En 10 ans, rien n’a été fait en termes de sensibilisation au niveau des écoles, aucun programme sur les normes de construction, sur la gestion de l’environnement n’est diffusé dans les medias pour contraindre les citoyens à agir de manière responsable. Et les citoyens et les autorités qui sont censées assurer le bien-être, la sécurité de la communauté, agissent comme si le pays n’était plus exposé aux risques sismiques, aux catastrophes naturelles. Les grandes constructions de ces 10 dernières années qui, en général ne respectent aucune norme, appartiennent pour la plupart à des anciens et nouveaux dirigeants. Ceux-là même qui devaient servir de modèle et de guide aux citoyens.
L’Etat Haïtien n’a aucun contrôle de la qualité des matériaux qui sont pour la plupart des produits importés utilisés dans les constructions de nos résidences et nos édifices publics.
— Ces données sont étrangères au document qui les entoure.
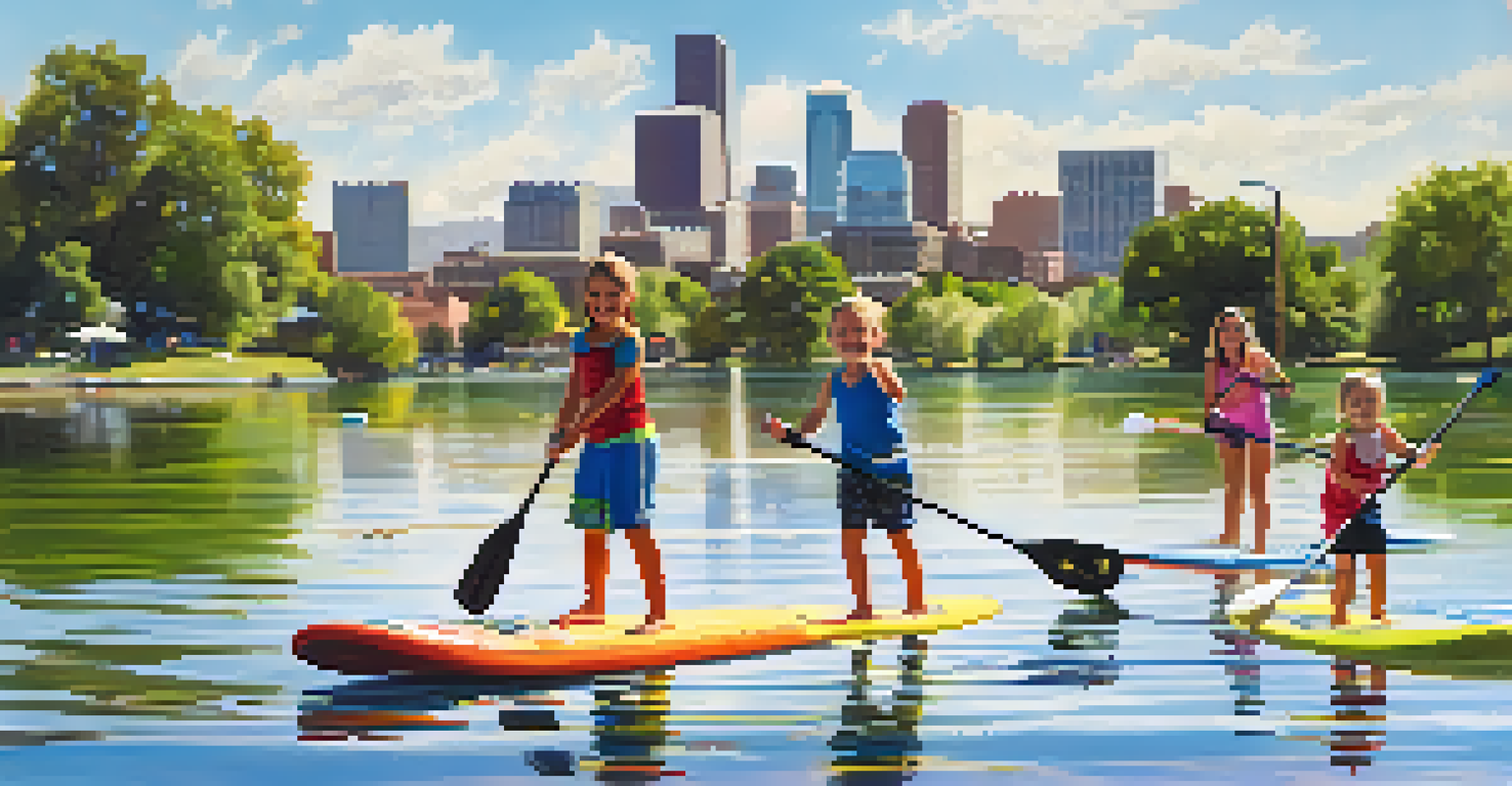 A family paddleboarding on Sloan's Lake with the Denver skyline in the background, enjoying a sunny day.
Les rares constructions après le tremblement de terre qui sont faites selon les normes dépendent du niveau de conscience et des moyens économiques de ceux ou celles qui engagent les chantiers. « Mezi lajanw, mezi wangaw ».
L’Etat dans son laxisme pendant la dernière décennie a laissé faire les citoyens, surtout les familles des quartiers défavorisés qui ont été sévèrement touchées par le séisme du 12 janvier 2010. Ainsi, ont été créés de nouveaux bidonvilles dont le monstrueux CANAAN qui abritent des hommes armés qui sèment le deuil sur la Nle numéro 1. Nos dirigeants qui font toujours montre de manque de vision n’ont pas vu arriver ce monstre malgré les avertissements répétés des citoyens avisés.
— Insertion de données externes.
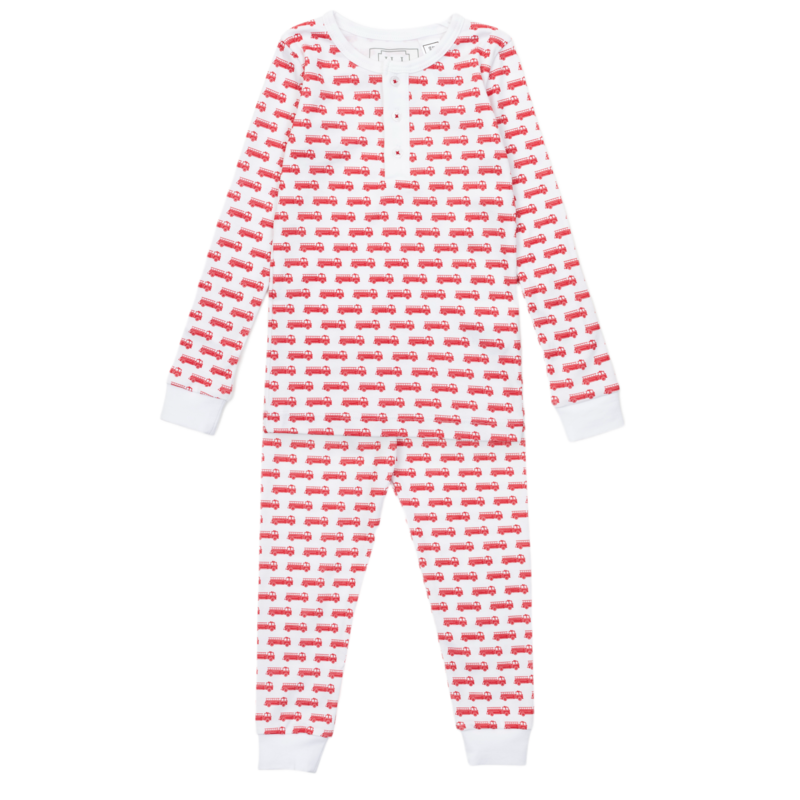 Lila + Hayes Lila + Hayes Jack Pajama Set - Fire Truck Red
Nous avons bouclé une décennie de malheurs, de grandes catastrophes naturelles sans l’émergence de génies, de leaders en tout cas sur le plan politique, capables de transformer les conséquences de nos mauvais comportements en opportunité.
Pendant 10 ans, ni la 49e législature ni la 50e législature n’a songé à doter le pays d’un code de construction, les gouvernements qui se sont succédé n’ont élaboré aucune politique de logements susceptible de prendre en compte les normes et le financement de construction et la topographie des terrains. En 2012, le ministère des travaux publics, transport et communication a publié un petit manuel très limité qui met l’accent uniquement sur l’aspect technique de la construction des bâtiments. Et depuis, c’est l’unique document dont dispose Haïti en matière de construction.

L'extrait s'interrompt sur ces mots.